***** LISTED RECORDS

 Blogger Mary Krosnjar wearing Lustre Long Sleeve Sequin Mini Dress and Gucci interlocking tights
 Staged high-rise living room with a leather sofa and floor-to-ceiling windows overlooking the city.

**********
***** LISTED RECORDS

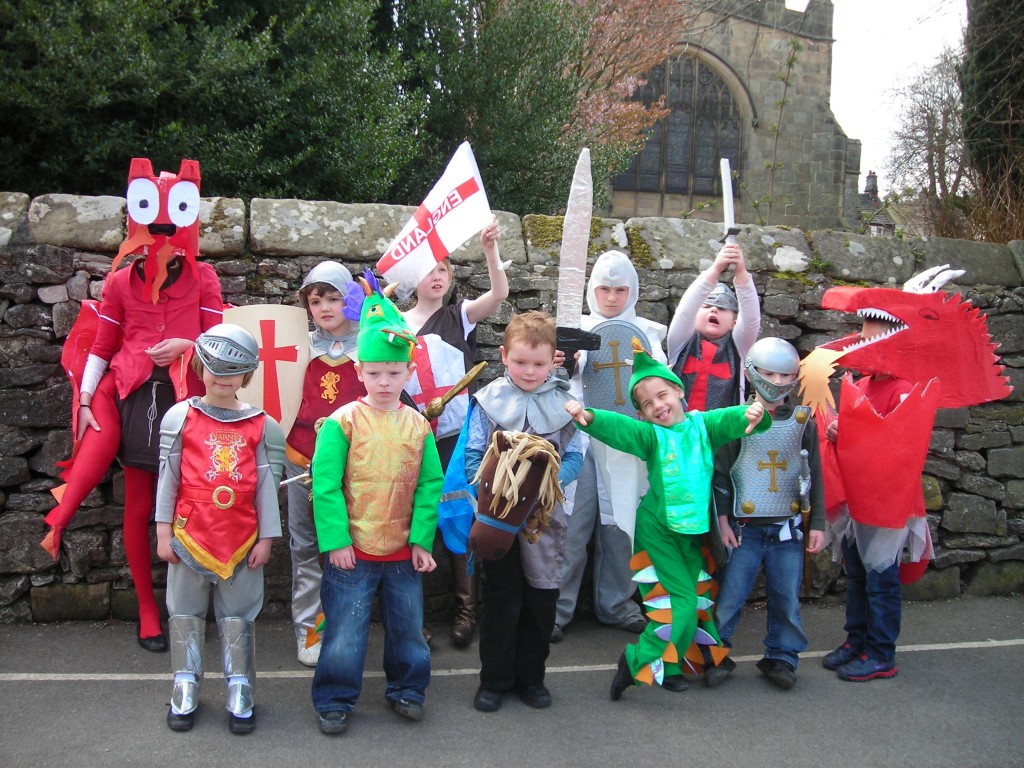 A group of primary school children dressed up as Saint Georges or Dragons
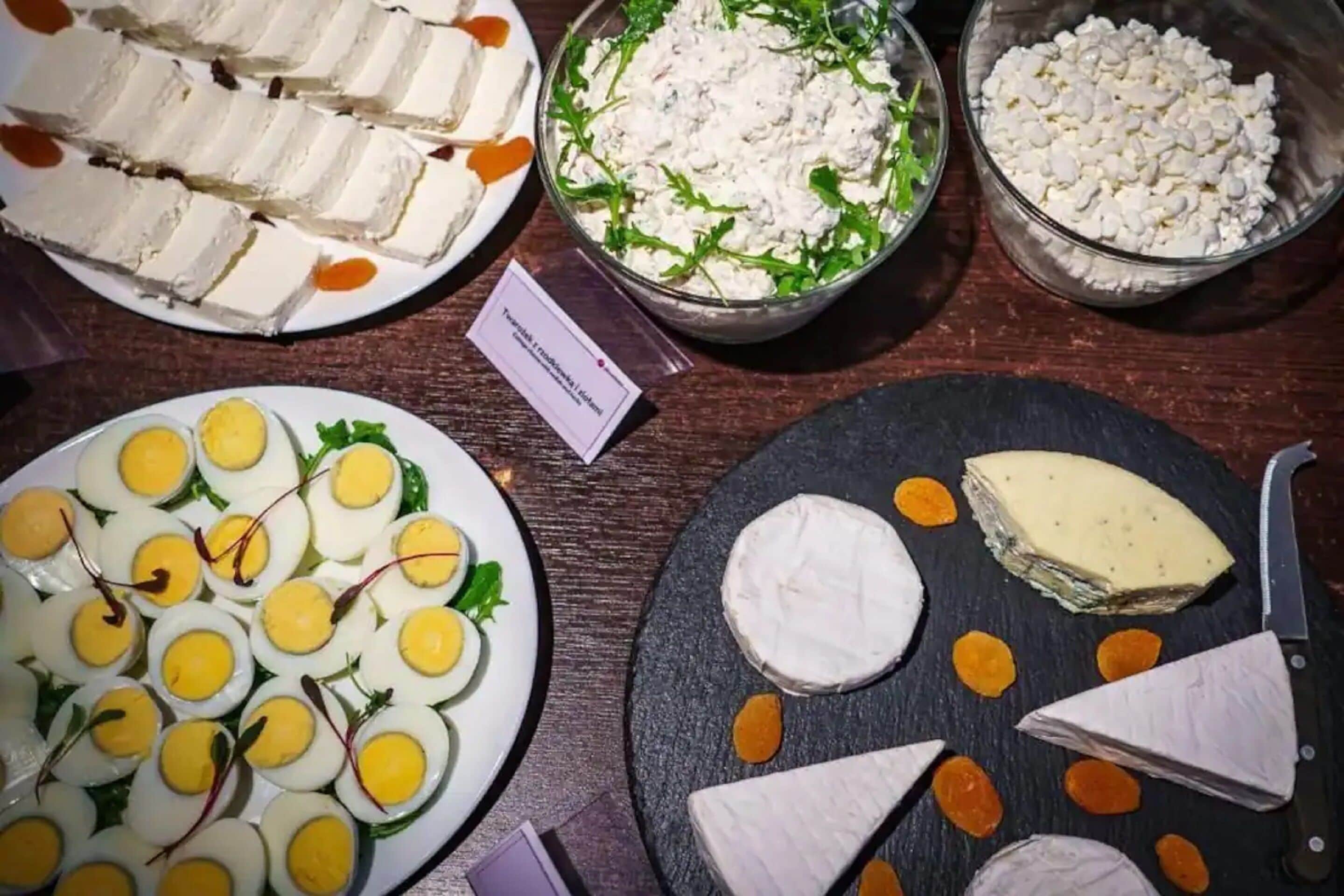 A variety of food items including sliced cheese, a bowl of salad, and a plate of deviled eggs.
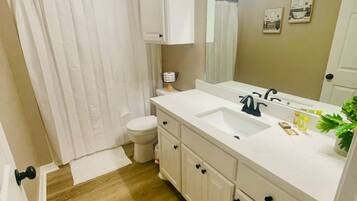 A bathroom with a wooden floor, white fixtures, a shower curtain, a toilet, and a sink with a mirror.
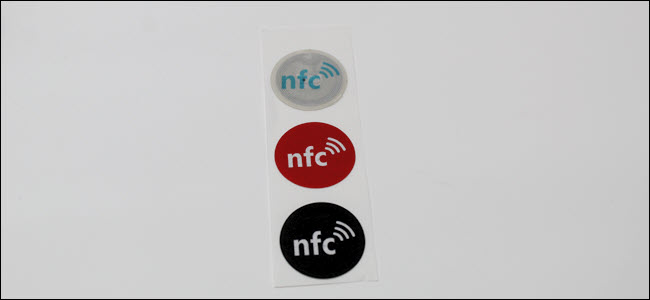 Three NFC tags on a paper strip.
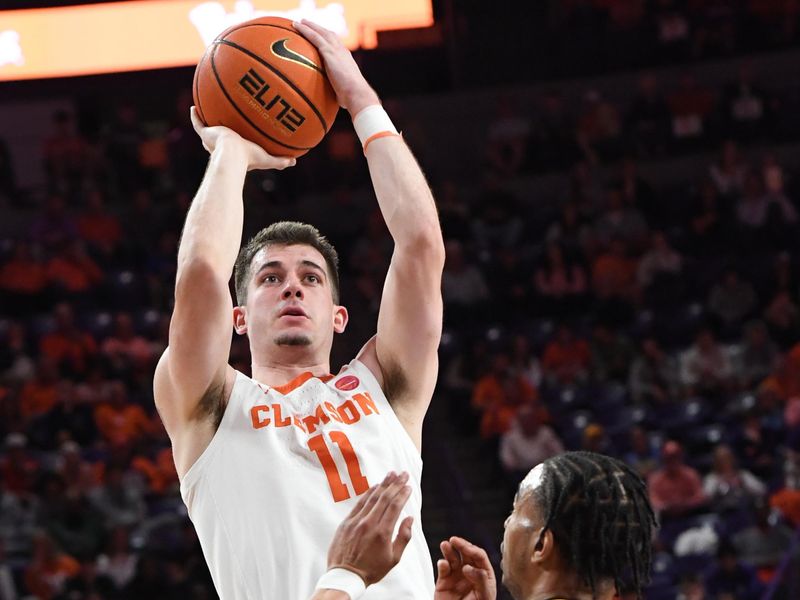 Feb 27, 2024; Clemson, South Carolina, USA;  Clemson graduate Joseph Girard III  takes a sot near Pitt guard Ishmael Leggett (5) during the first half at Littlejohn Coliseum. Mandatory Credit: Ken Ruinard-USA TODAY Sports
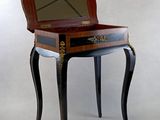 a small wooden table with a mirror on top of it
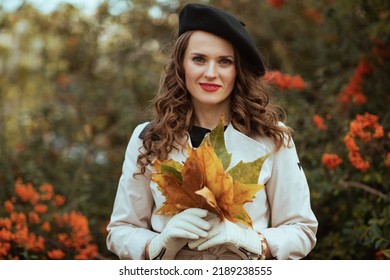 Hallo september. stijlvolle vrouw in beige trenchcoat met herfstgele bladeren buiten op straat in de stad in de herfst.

**********

### PROBLEM DESCRIPTION:
When you reach the line containing "Blogger Mary Krosnjar" in the data above, start copying exactly, and stop after the line containing "Staged high-rise living".

### ANSWER FOR THIS EXERCISE:
 Blogger Mary Krosnjar wearing Lustre Long Sleeve Sequin Mini Dress and Gucci interlocking tights
 Staged high-rise living room with a leather sofa and floor-to-ceiling windows overlooking the city.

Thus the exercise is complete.